START Record extracts
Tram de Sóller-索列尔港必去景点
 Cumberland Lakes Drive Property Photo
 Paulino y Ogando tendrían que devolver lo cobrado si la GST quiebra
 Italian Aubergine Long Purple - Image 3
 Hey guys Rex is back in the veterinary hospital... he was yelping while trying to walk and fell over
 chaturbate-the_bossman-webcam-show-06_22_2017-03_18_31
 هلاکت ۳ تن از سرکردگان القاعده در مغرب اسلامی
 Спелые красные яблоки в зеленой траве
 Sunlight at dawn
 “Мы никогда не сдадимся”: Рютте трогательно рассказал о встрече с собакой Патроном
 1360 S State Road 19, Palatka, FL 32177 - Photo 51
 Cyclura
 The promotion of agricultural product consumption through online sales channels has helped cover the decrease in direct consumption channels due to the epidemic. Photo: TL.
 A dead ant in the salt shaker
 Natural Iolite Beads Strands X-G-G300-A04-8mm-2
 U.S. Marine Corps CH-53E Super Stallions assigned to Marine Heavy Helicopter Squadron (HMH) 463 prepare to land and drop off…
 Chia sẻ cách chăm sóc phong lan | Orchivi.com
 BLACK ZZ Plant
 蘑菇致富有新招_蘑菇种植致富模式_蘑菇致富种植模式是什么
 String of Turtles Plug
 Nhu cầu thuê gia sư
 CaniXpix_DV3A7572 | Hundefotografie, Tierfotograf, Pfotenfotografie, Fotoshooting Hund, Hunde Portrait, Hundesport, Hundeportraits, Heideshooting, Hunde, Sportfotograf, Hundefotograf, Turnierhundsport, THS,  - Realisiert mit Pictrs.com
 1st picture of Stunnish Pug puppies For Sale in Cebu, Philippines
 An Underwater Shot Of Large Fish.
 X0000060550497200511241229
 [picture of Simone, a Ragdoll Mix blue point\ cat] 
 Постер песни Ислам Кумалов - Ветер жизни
END Record extracts
» How to complete this task: Copy each line above that has the word "picture".

» Task result:
 1st picture of Stunnish Pug puppies For Sale in Cebu, Philippines
 [picture of Simone, a Ragdoll Mix blue point\ cat] 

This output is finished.